*** Begin section ***

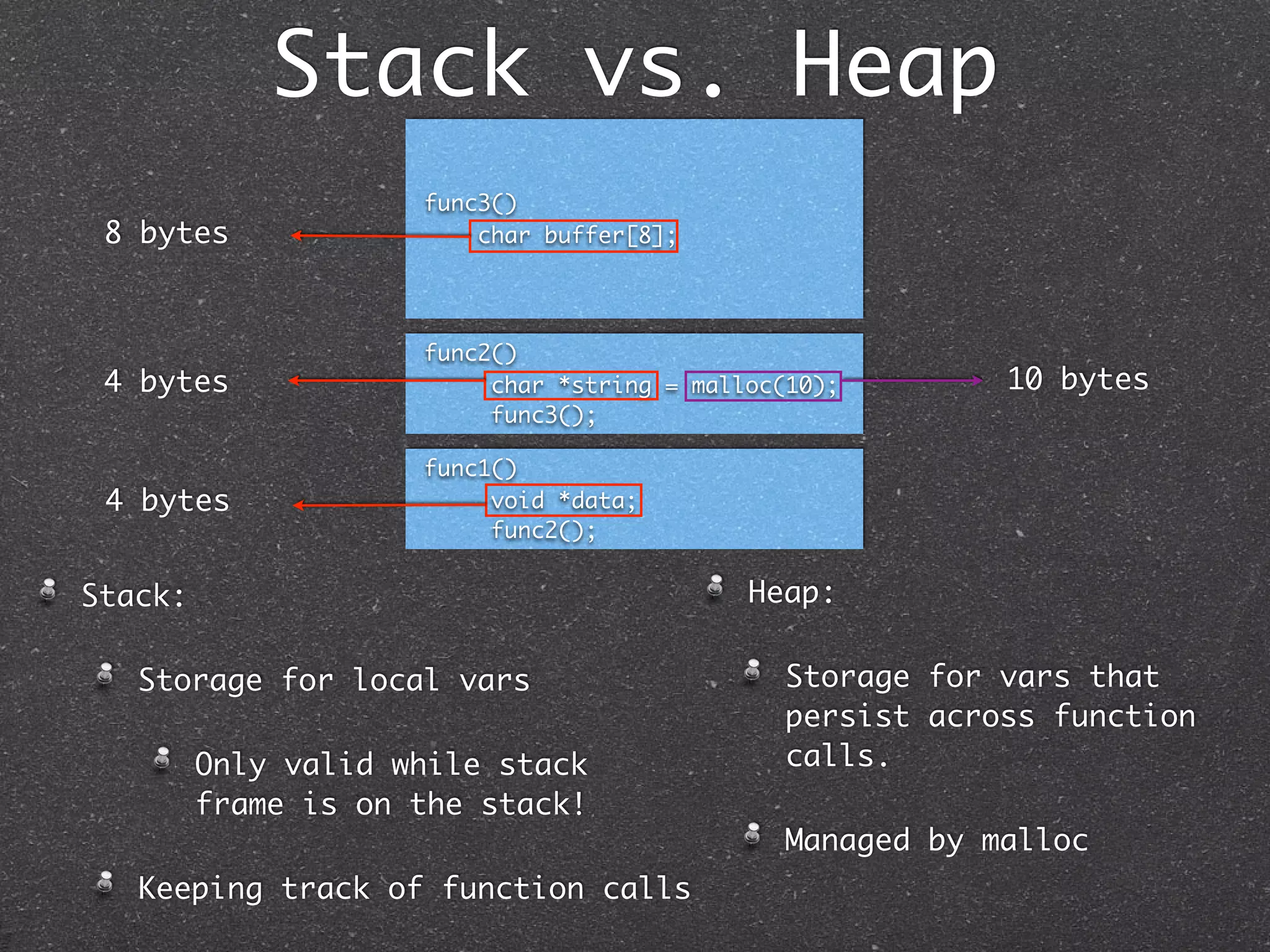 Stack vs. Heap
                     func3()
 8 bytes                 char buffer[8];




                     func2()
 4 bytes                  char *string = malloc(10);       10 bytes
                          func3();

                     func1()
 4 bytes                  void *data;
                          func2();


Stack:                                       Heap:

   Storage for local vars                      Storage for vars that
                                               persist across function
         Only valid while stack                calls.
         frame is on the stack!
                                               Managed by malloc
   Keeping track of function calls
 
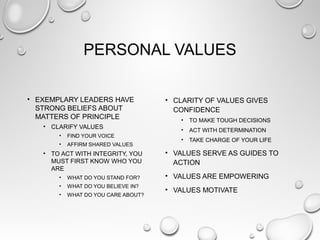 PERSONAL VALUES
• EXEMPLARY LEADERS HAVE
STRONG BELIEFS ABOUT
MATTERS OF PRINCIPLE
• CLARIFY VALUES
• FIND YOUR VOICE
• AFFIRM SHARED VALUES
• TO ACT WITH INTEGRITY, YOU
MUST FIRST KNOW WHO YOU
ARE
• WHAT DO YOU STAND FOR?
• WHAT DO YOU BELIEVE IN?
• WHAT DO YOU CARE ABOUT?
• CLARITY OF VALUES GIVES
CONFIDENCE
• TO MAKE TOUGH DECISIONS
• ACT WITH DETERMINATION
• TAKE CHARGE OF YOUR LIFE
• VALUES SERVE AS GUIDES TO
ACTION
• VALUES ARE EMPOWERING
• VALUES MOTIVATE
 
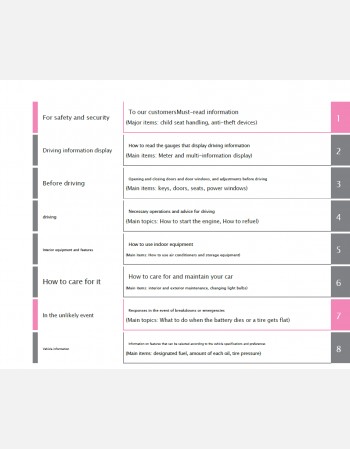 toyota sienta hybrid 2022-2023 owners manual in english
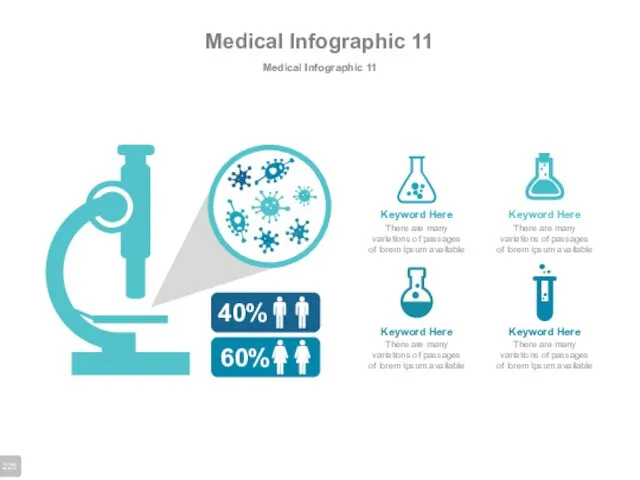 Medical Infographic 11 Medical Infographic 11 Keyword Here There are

*** End section ***

In the listing above, show every line with the word "bytes".

 8 bytes                 char buffer[8];
 4 bytes                  char *string = malloc(10);       10 bytes
 4 bytes                  void *data;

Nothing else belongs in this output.